When it comes to environmentalism, Christians have an image problem. As a world-and-life view, Christianity has been targeted by many environmentalists as the “root cause” of today’s environmental and ecological problems. (See, for example, Lynn White Jr.’s article “The Historical Roots of Our Ecological Crisis” [Science, 3-10-1967]). The fallout from this has been that spiritually-minded environmentalists are turning to other religions as a source of moral and spiritual guidance in environmental activism. I’ll deal with this in future articles, but for now refuting the erroneous assumption that environmental degradation is directly related to the growth and spread of Christianity is the topic of this blog article.

Since Eden the entire human race has done irreparable damage to nature and the land. Early societies negatively impacted their environment thousands of years before industrialization.
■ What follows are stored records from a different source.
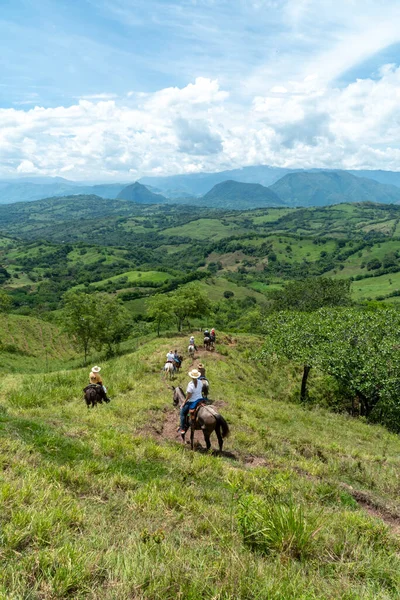 stock image Tamesis, Antioquia, Colombia. June 29, 2020: Horseback riding in the field with beautiful blue sky.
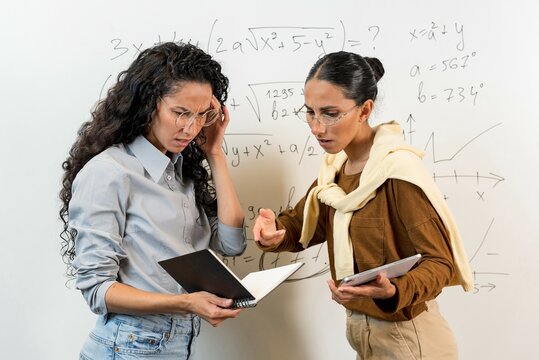 Cute Oriental Girls Solving a Problem. Students are discussing, looking into a notebook and not understanding math equation. Schoolgirls of the Higher School stand near the blackboard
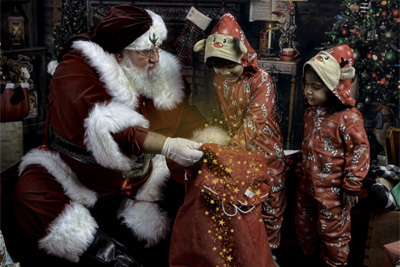 Two young girls looking in Santa's bag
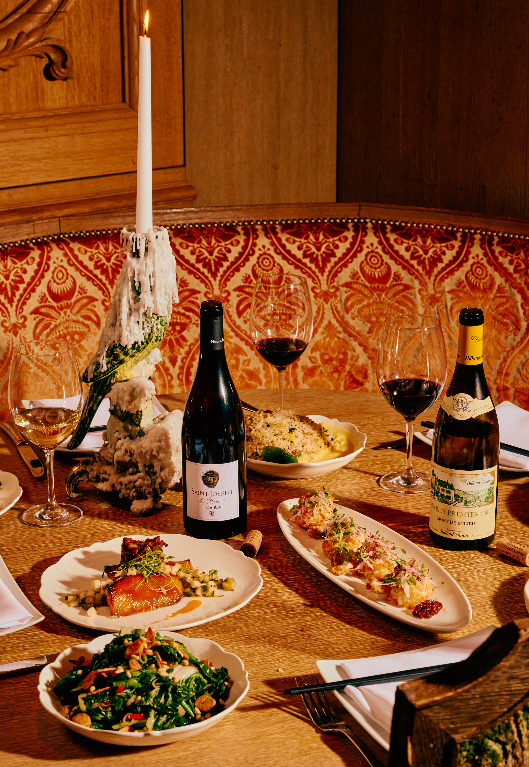 A restaurant table set with multiple dishes, two wine bottles, red and white wine glasses, and a lit taper candle in front of a patterned red booth.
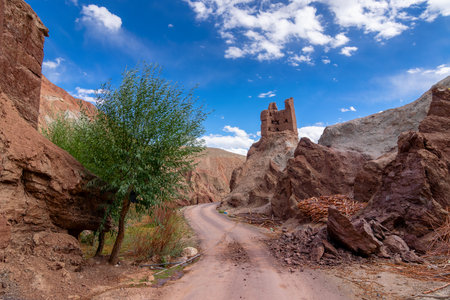 Road leading to Basgo or Bazgoo, a village situated on the bank of the Indus river in Leh district, Ladakh, India. Basgo Monastery and historical ruins with Himalayan mountains. Blue sky background.の写真素材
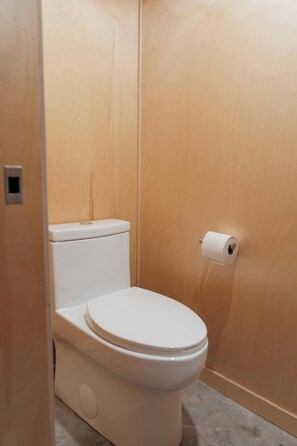 A small, enclosed bathroom with a toilet, a roll of toilet paper, and a flush handle. - The Pioneer | BESIDE's very first cabin (Lanaudière)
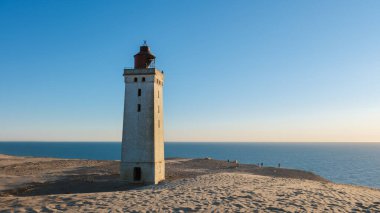 Rubjerg Knude deniz feneri kuleleri kumlu kumulların üzerinde, güneş batarken Kuzey Denizi manzaralı. Ziyaretçiler, Danimarka kıyı şeridinin dingin güzelliğinin keyfini çıkararak sakin bir atmosfer yaratıyorlar..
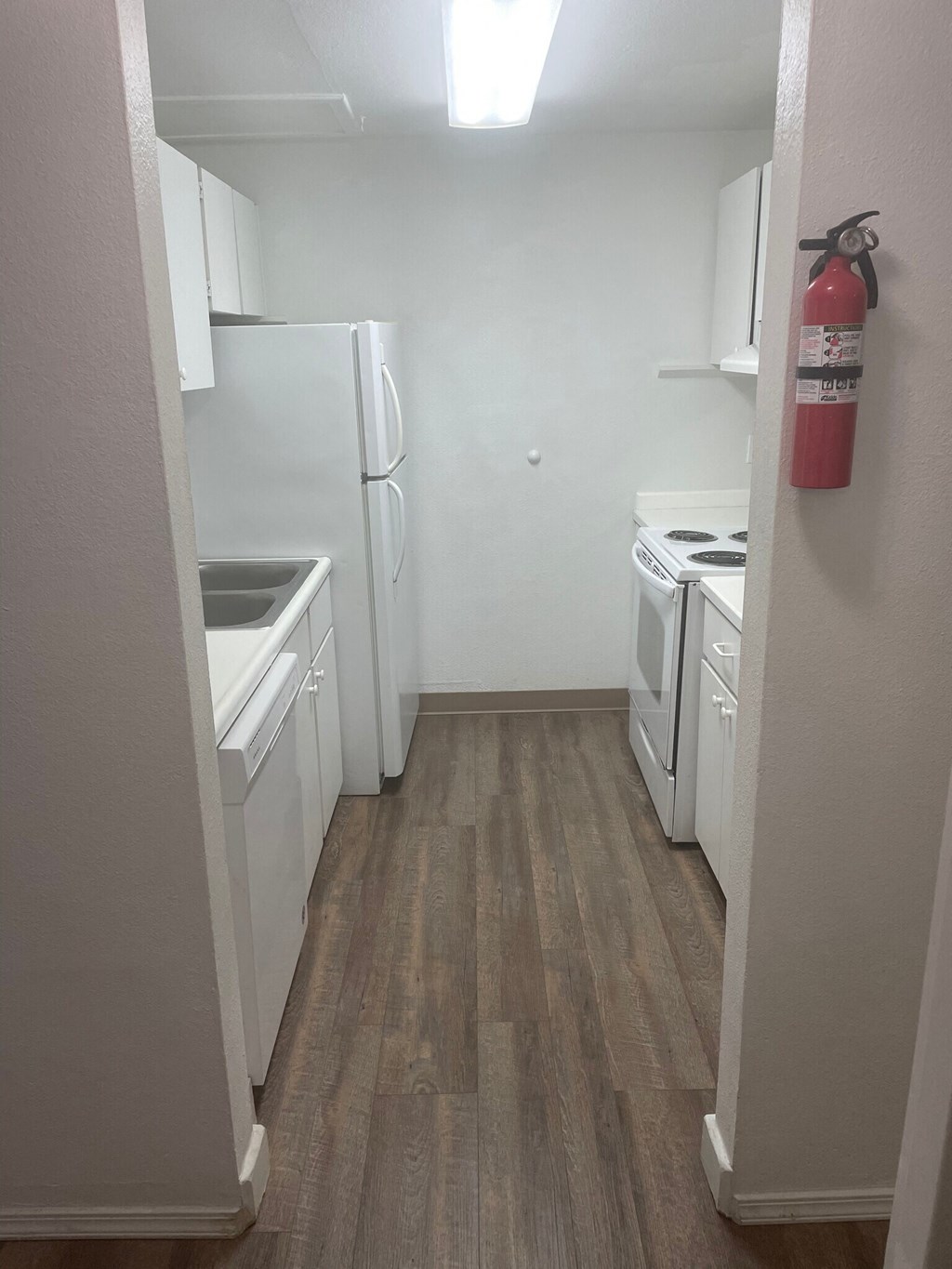 a kitchen with white appliances and a fire extinguisher on the wall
The history of the human race, following Adam and Eve’s expulsion from the Garden of Eden, reveals a steady increase in environmental exploitation that has transformed large tracts of pristine wilderness into blighted wasteland. The late Jean Dorst, former curator at the National Museum of Natural History in Paris, documented in his book, Before Nature Dies, the widespread environmental degradation that occurred over many parts of the ancient world centuries before the arrival of Europeans, including North America, Africa, Asia, the Mid East, and Australia.
Dorst’s chronology begins with primitive hunting and gathering societies. Tribal cultures purposely destroyed vast areas of wilderness with fire in order to enlarge hunting areas. This, along with hunting itself, likely hastened the extinction the mammoth, mastodon, cave bear, and ground sloth.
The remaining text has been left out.